Bernard Cornwell – 1812 10 Sharpe’s Enemy

‘I didn’t hear your words, my dear?’ Sir Augustus, unable to contain his anger, leaned forward.

She smiled at him prettily. ‘I was counting the potatoes on Major Sharpe’s plate. I think he is very greedy.’

‘A man needs his strength.’ Ducos said, his eyes going back and forth between Sharpe and Josefina.

‘Which is why you eat so little, Major?’ She smiled at Ducos and it was true that the small, plain-dressed man picked fussily at his food and ate little. She leaned back towards Sharpe and put her fork over his plate. ‘One, two, three, four, five, you’ve eaten part of that one, six.’ Her knee and thigh were hard against him. She lowered her voice. ‘He sleeps like the dead. Three o’clock?’

`Qui vive?’ The shout was from outside the inn, the French challenge.

Josefina’s fork was in her left hand, her right hand was beneath the table, its fingers running up the junction of green cloth and leather of his French overalls. ‘Eight, nine. Ten potatoes, Major? Yes?’

‘Three and a half would be better.’ He said. He could smell her hair. She was hovering over his plate with the fork, deciding which potato to prong. She picked one, leaned away from him, and held the potato to his mouth. ‘For your strength, Major.’

He opened his mouth, the fork came forward, and then the challenge was repeated, the door was hammered, opened, and the thick curtain was swept aside letting in a flurry of freezing air.

The diners stopped, forks halfway to their mouths, Josefina’s fork an inch from Sharpe’s lips, and there in the doorway stood Patrick Harper, grinning, and beside him, much smaller, her eyes dark, her hair black inside her hood, was Teresa. Sharpe’s wife.

‘Hello, husband.’

CHAPTER 17

She would not enter the inn, not Teresa, not while French officers were there. She hated the French with all the passion of her passionate soul. They had raped and killed her mother, she repaid them by killing as many as she could find and ambush in the border hills. Sharpe walked with her down the village street, towards the Convent, and she looked up at him. ‘Forgotten how to eat, Richard?’
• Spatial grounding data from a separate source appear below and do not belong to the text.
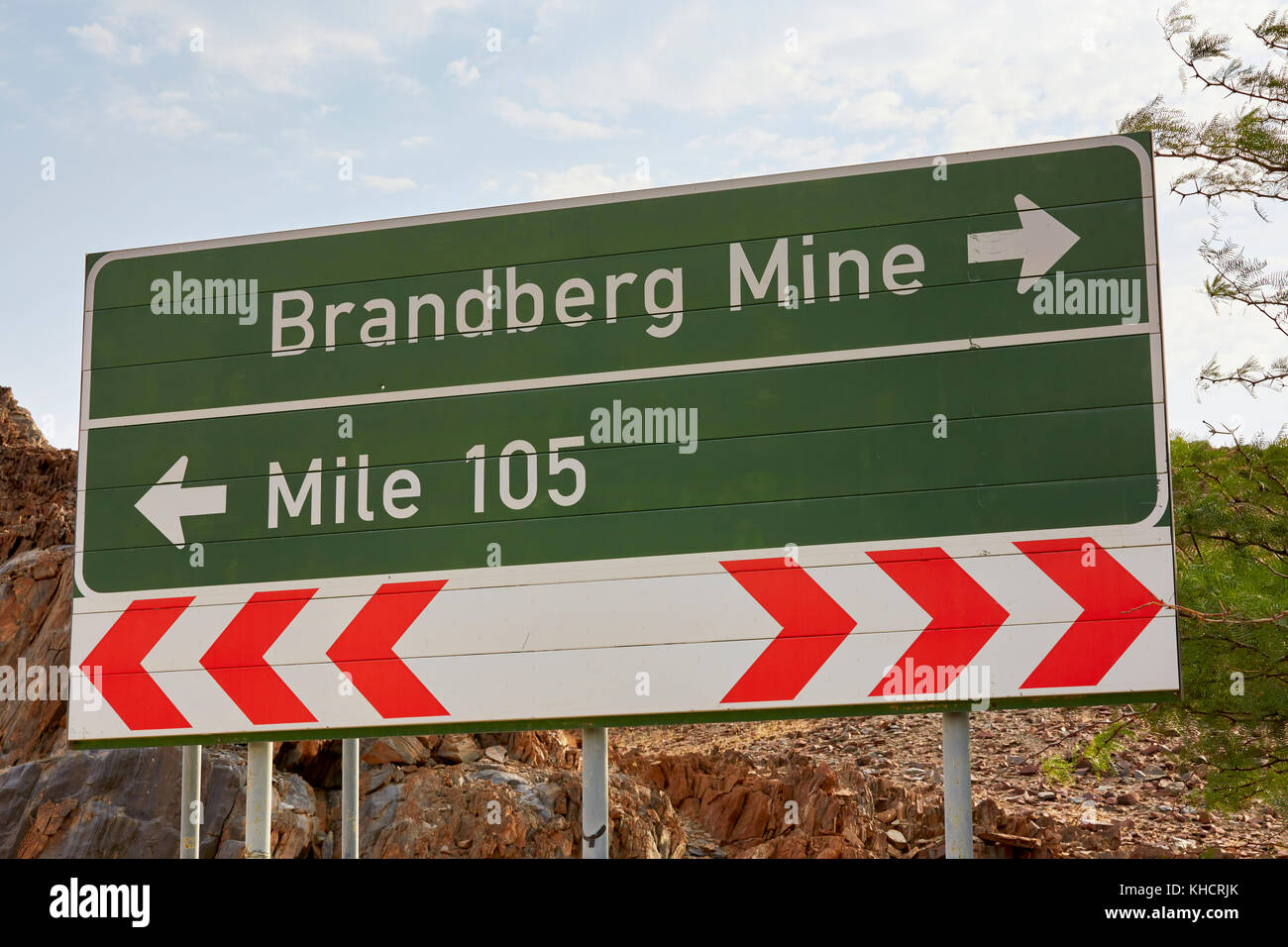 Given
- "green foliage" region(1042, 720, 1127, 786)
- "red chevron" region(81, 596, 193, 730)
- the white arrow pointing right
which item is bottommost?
"green foliage" region(1042, 720, 1127, 786)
‘She was only being playful.’

‘Playful!’ She laughed at him. The light of the straw torches showed her thin, strong face. There was none of Josefina’s softness here, this woman had the face of a hawk; a beautiful hawk, but still a killer, a hunter, a creature of supple strength and small pity. The face was proud, the face of old Spain, mellowed only by lustrous, large eyes. The mother of his child. ‘That’s the whore-bitch Josefina, yes?’

‘Yes.’

‘And you still wear her ring, yes?’

Sharpe stopped, surprised. He had forgotten it, and Josefina had not mentioned it, but he did still wear the silver ring engraved with an Eagle that Josefina had bought for him before the battle of Talavera and before he had taken the eagle standard from the French. He looked at the ring, then up to Teresa’s eyes. ‘Jealous?’
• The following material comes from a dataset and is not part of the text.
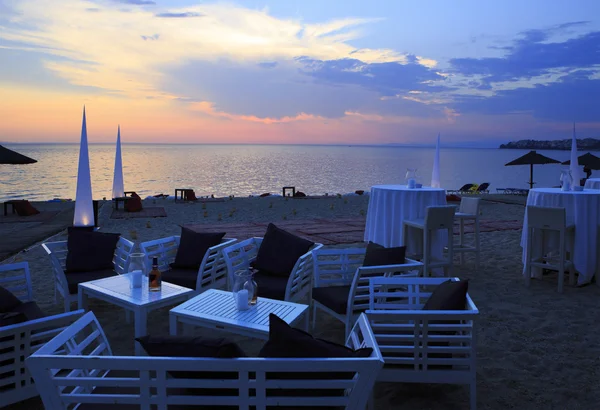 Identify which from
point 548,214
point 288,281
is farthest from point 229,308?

‘Richard.’ She smiled. ‘You wear the ring for the eagle, not her, I know that. Still, I suspect you think she is very beautiful, yes?’

‘Too fat.’

‘Too fat! You think anyone’s too fat who’s wider than a ramrod.’ She was facing him and she punched him lightly on the arm. ‘One day I’m going to become fat, very fat, and I will see if you truly love me.’

‘I love you.’

‘And you think that forgives all.’ She smiled at him, stood on tiptoe, and he kissed her, aware of the interested gaze of a dozen French sentries as well as Harper’s looming figure twenty yards away. She frowned. ‘Is that how you love me?’

He kissed her again, holding her this time, and she slid her face against his cheek and whispered in his ear, and then she pulled away to see the expression on his face.

‘Truly?’ He asked.

‘Yes. This way.’ She took him by the hand and walked with him beyond the light of the torches, out into the open field. The mist was still thin, the stars still showing hazed overhead, but the clouds had spread further south and promised foul weather. She stopped him when they were well beyond the earshot of any Frenchman in the village.